Getting Started with XMLBeans

XMLBeans provides intuitive ways to handle XML that make it easier for you to access and manipulate XML data and documents in Java.

Characteristics of XMLBeans approach to XML:

The starting point for XMLBeans is XML schema. A schema (contained in an XSD file) is an XML document that defines a set of rules to which other XML documents must conform. The XML Schema specification provides a rich data model that allows you to express sophisticated structure and constraints on your data. For example, an XML schema can enforce control over how data is ordered in a document, or constraints on particular values (for example, a birth date that must be later than 1900). Unfortunately, the ability to enforce rules like this is typically not available in Java without writing custom code. XMLBeans honors schema constraints.
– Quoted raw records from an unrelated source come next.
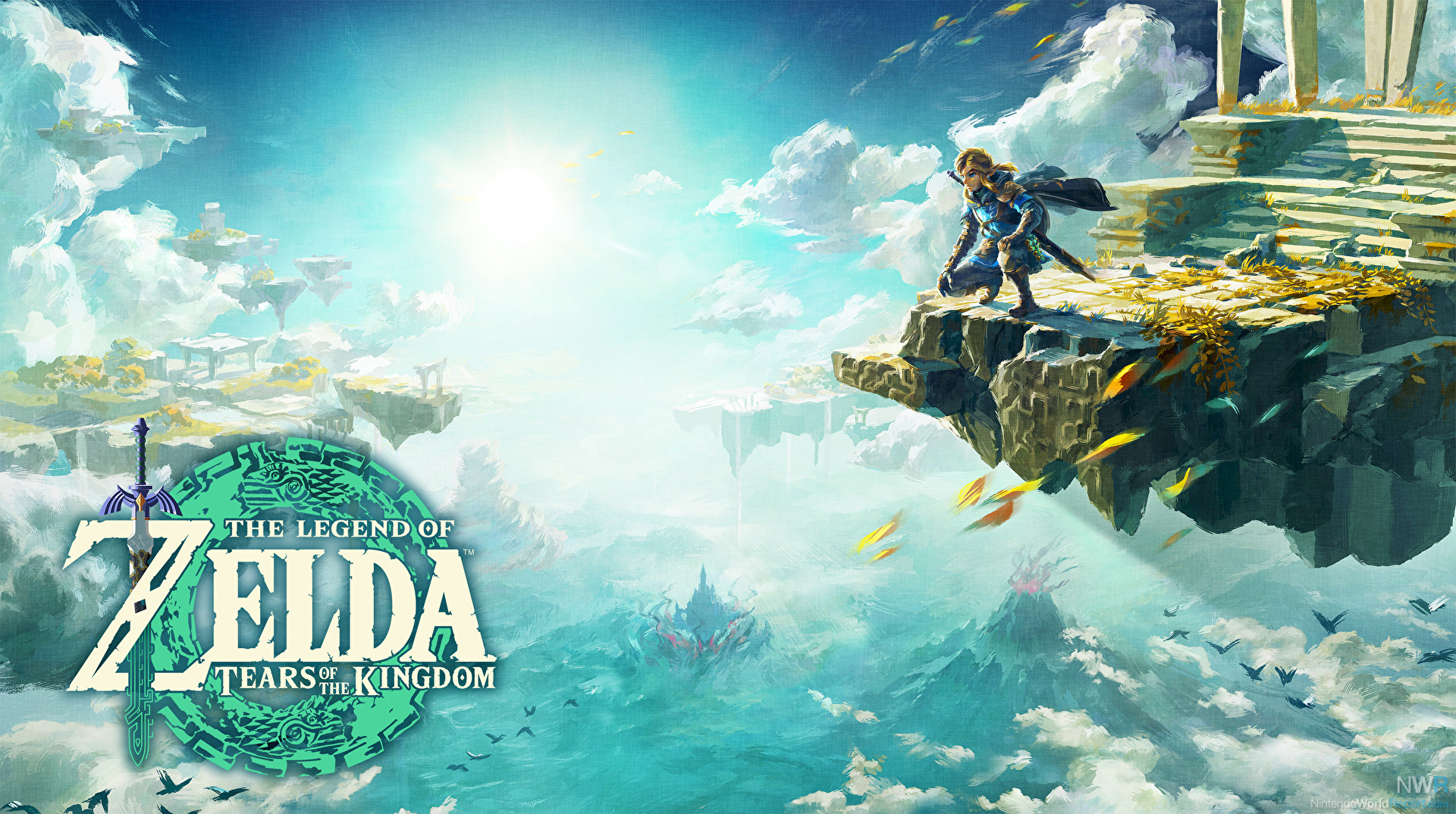 Zelda Breath Of The Wild 2 Is Currently Planned For A 2020 Release - Rumor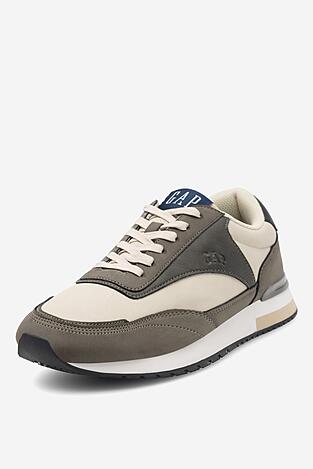 Obuwie sportowe GAP NEW_YORK GAF007F5SMOLSDGP Zielony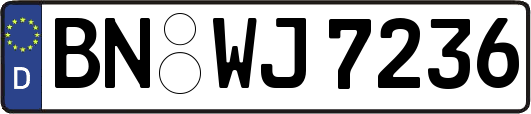BN-WJ7236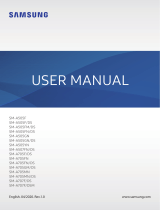 Samsung SM-A505FN/DS User manual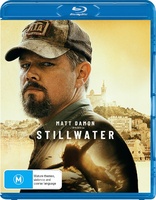 Stillwater (Blu-ray Movie)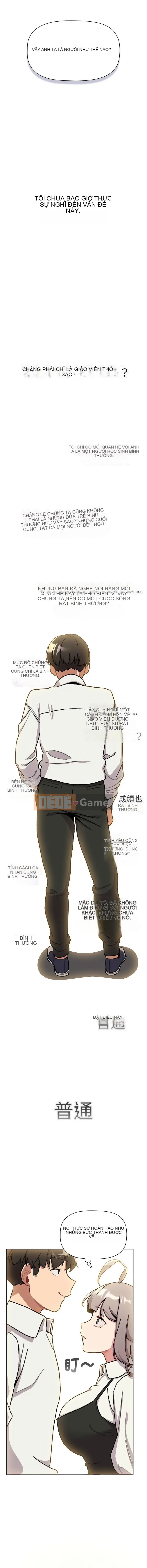 Nhóm hoán đổi tình yêu Chương 115-116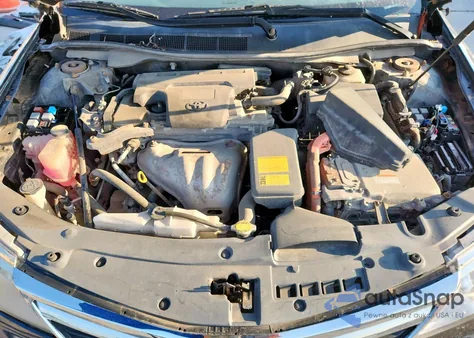 2012 Toyota Camry Hybrid z USA, uszkodzony, nr VIN 4T1BD1FK8CU029976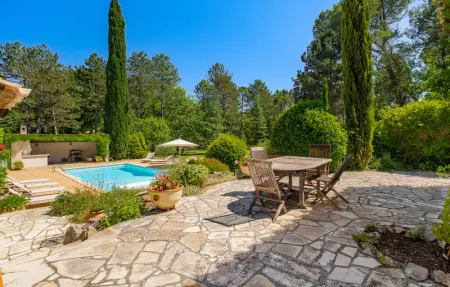 Location Maison 10 personnes à Callian - Photo 11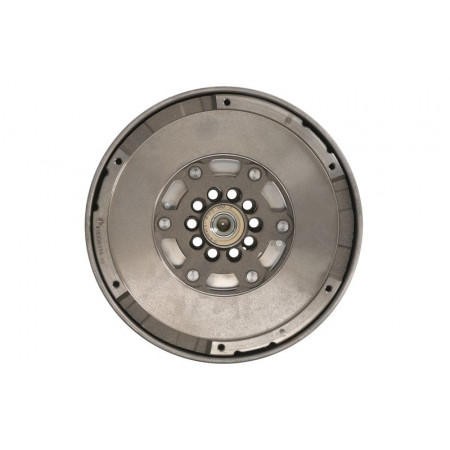 Volante manual bimassa com placa de regulação de fricção com rolamento guia sem kit de parafusos AUDI A6 C6 AUDI A6/S6 III (4F2, C6), Sedan, 04.2004 - 08.2011 LUK 415 0361 10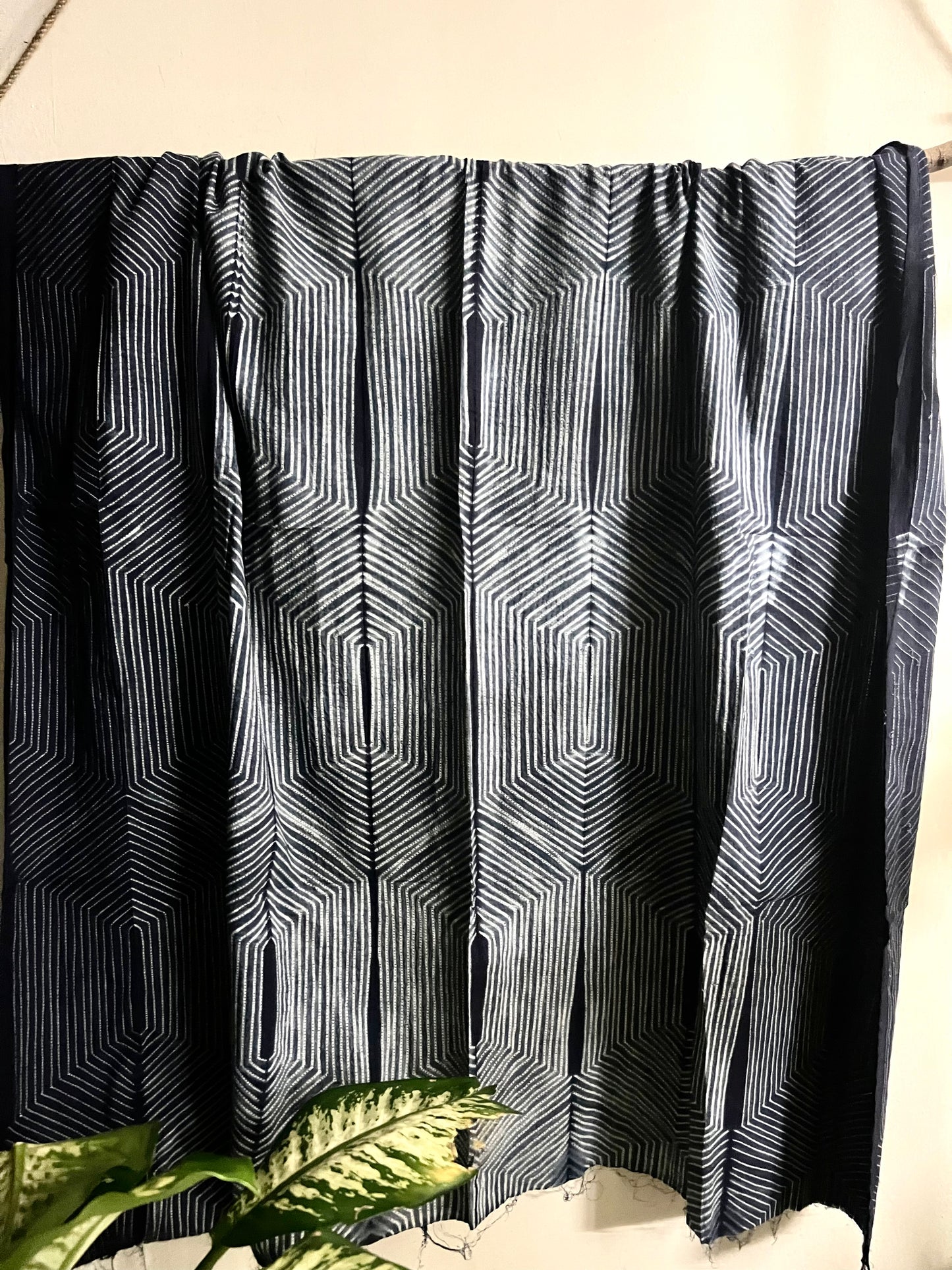 Nui Shibori Suit Set - Truthful Convictions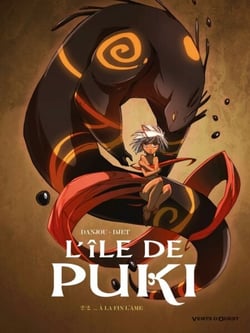 L'Île de Puki - Tome 02 - À la fin l'âme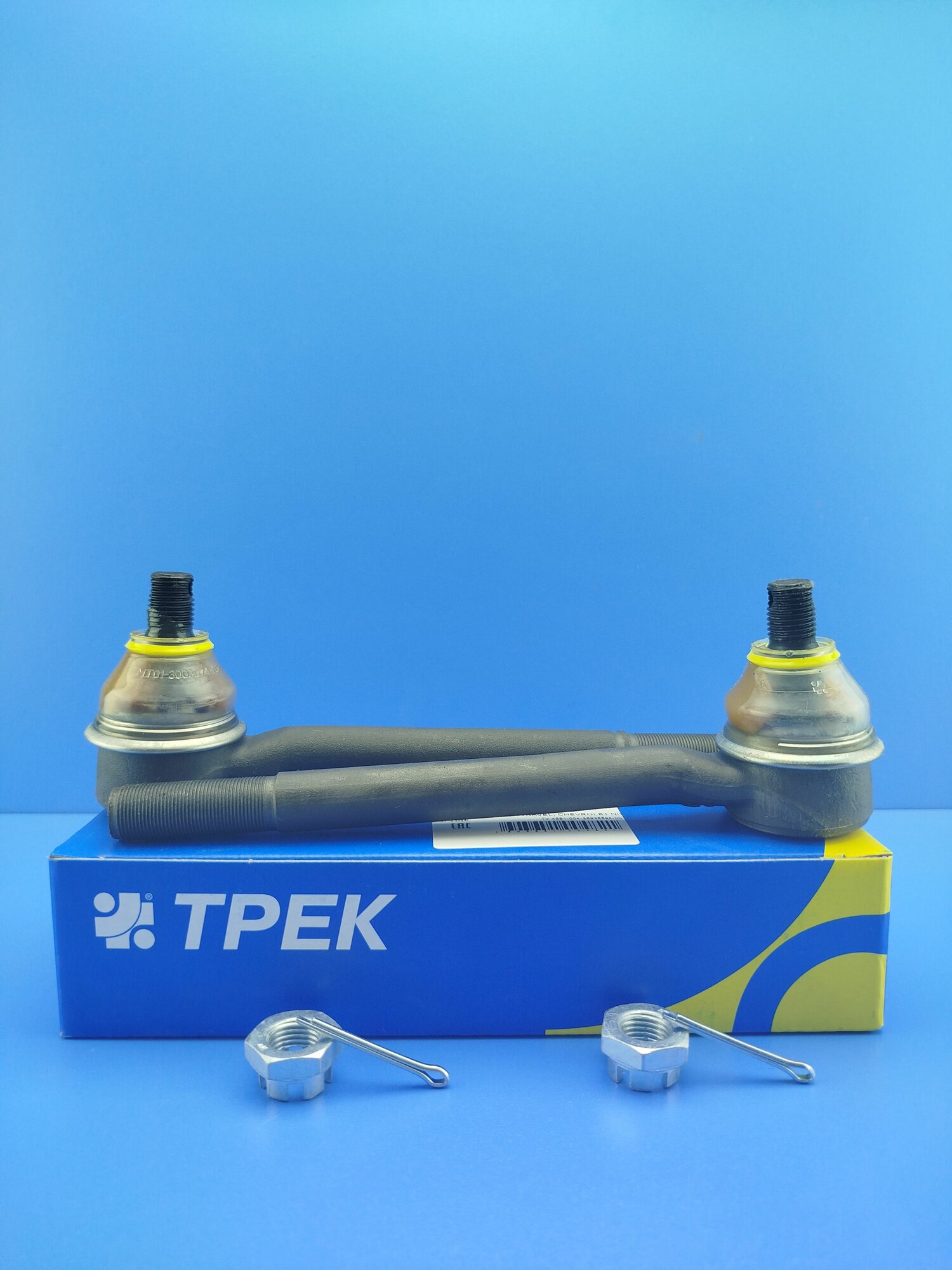 Наконечники рулевые (к-т) "Трек" для а/м Шевроле-Нива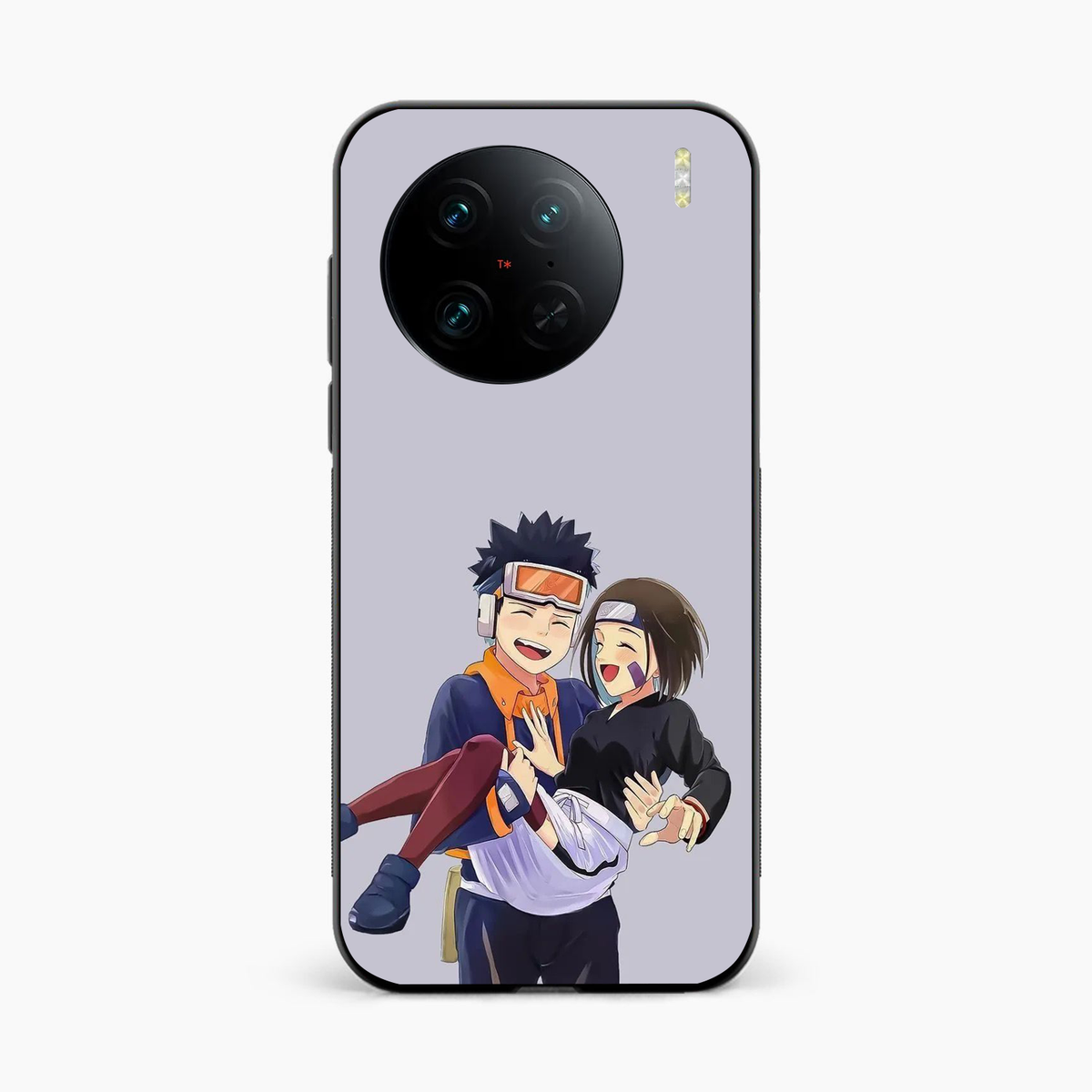 Cute Shinobi Bond Vivo X90 Back Cover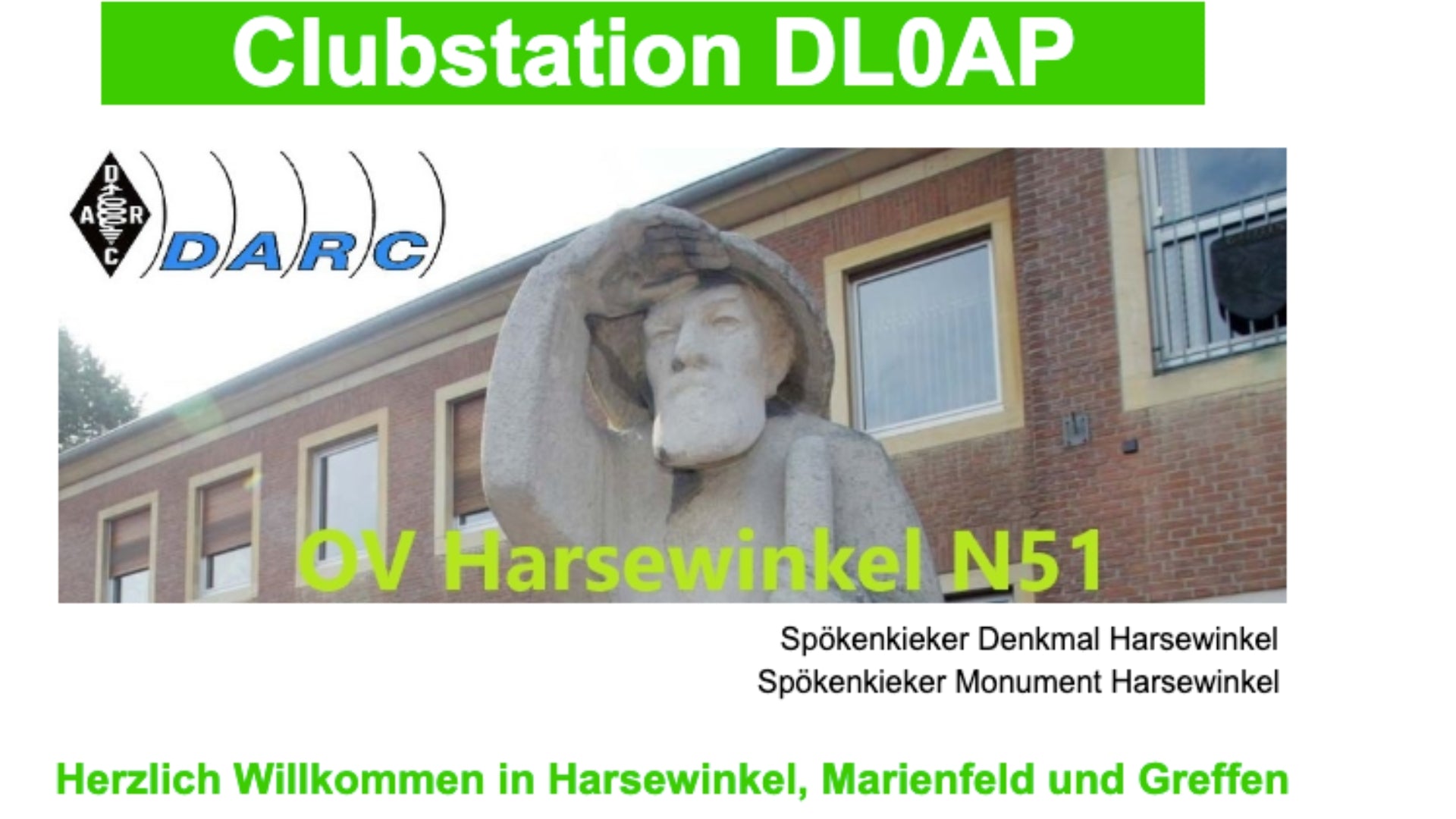 From Harvesters to Hertz: Radio Waves in the Mähdrescherstadt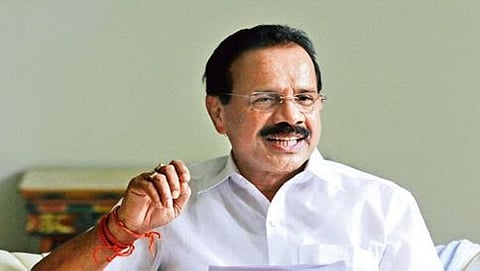 ಕೇಂದ್ರ ಸಚಿವ ಸದಾನಂದ ಗೌಡ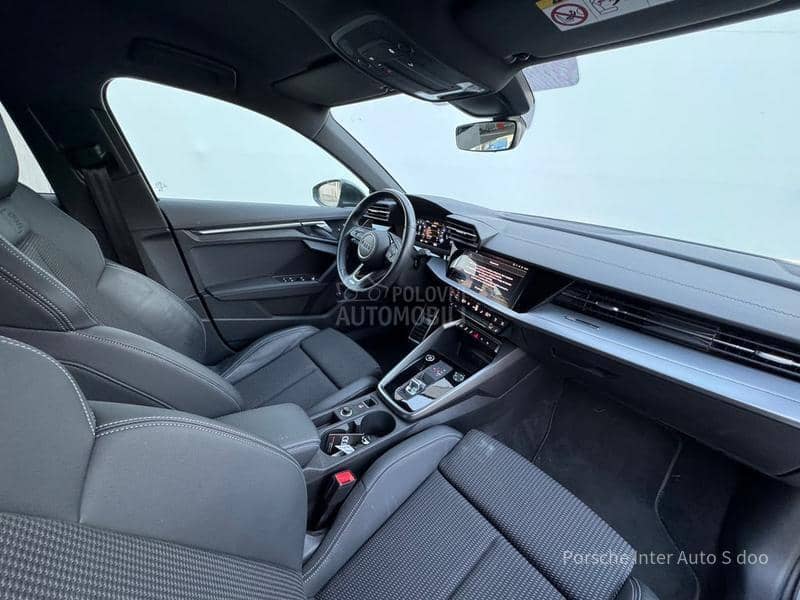 Audi A3 S line 35 TFSI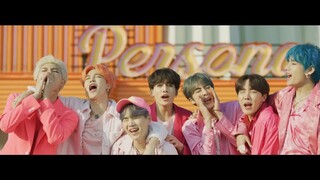 BTS feat. Halsey Boy With Luv MV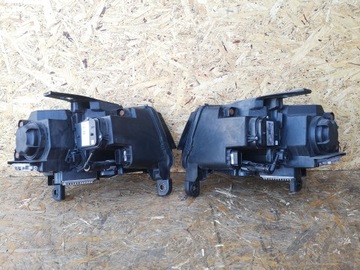 фото thumb №14, Jeep grand cherokee wk2 srt лампа перед bixenon поворотный 68266657ag 68266656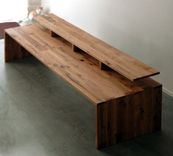 Reclaimed Oak Desk 1 small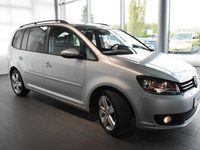 gebraucht VW Touran Comfortline 1.2 TSI KLIMA PDC ZV KlimaSO FINDEN SIE UNS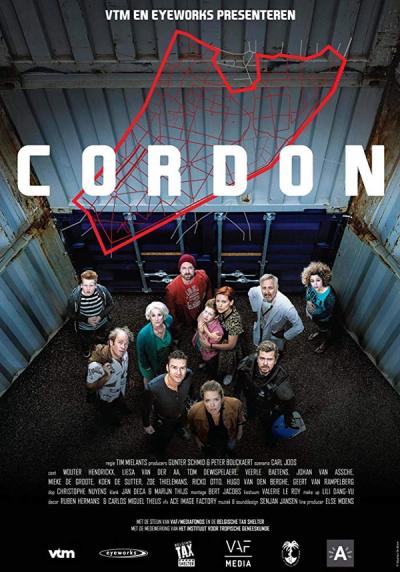 Cordon II - Film poster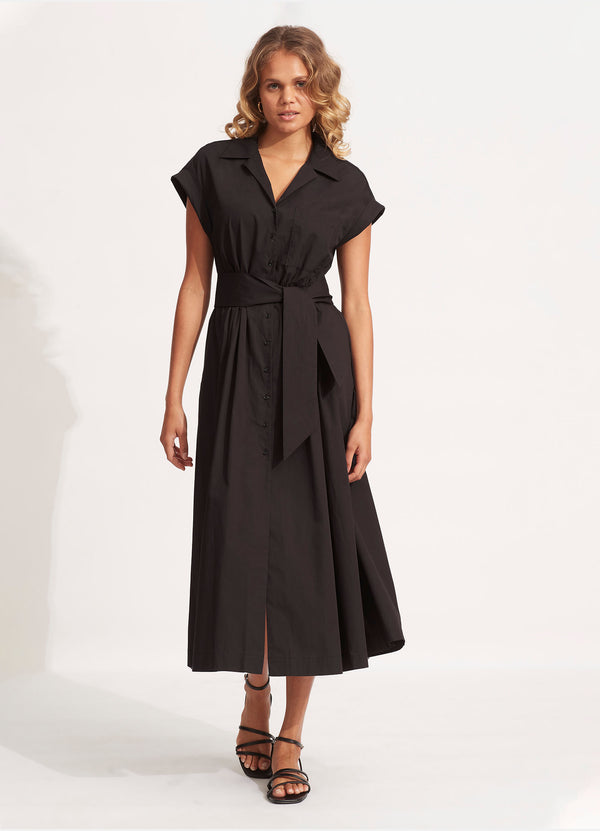 Sunday Dress - Black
Note: Where an XML schema defines rules for an XML document, an XML instance is an XML document that conforms to the schema.

You compile a schema (XSD) file to generate a set of Java interfaces that mirror the schema. With these types, you process XML instance documents that conform to the schema. You bind an XML instance document to these types; changes made through the Java interface change the underlying XML representation.

Previous options for handling XML include using XML programming interfaces (such as DOM or SAX) or an XML marshalling/binding tool (such as JAXB). Because it lacks strong schema-oriented typing, navigation in a DOM-oriented model is more tedious and requires an understanding of the complete object model. JAXB provides support for the XML schema specification, but handles only a subset of it; XMLBeans supports all of it. Also, by storing the data in memory as XML, XMLBeans is able to reduce the overhead of marshalling and demarshalling.

Accessing XML Using Its Schema

To get a glimpse of the kinds of things you can do with XMLBeans, take a look at an example using XML for a purchase order. The purchase order XML contains data exchanged by two parties, such as two companies. Both parties need to be able to rely on a consistent message shape, and a schema specifies the common ground.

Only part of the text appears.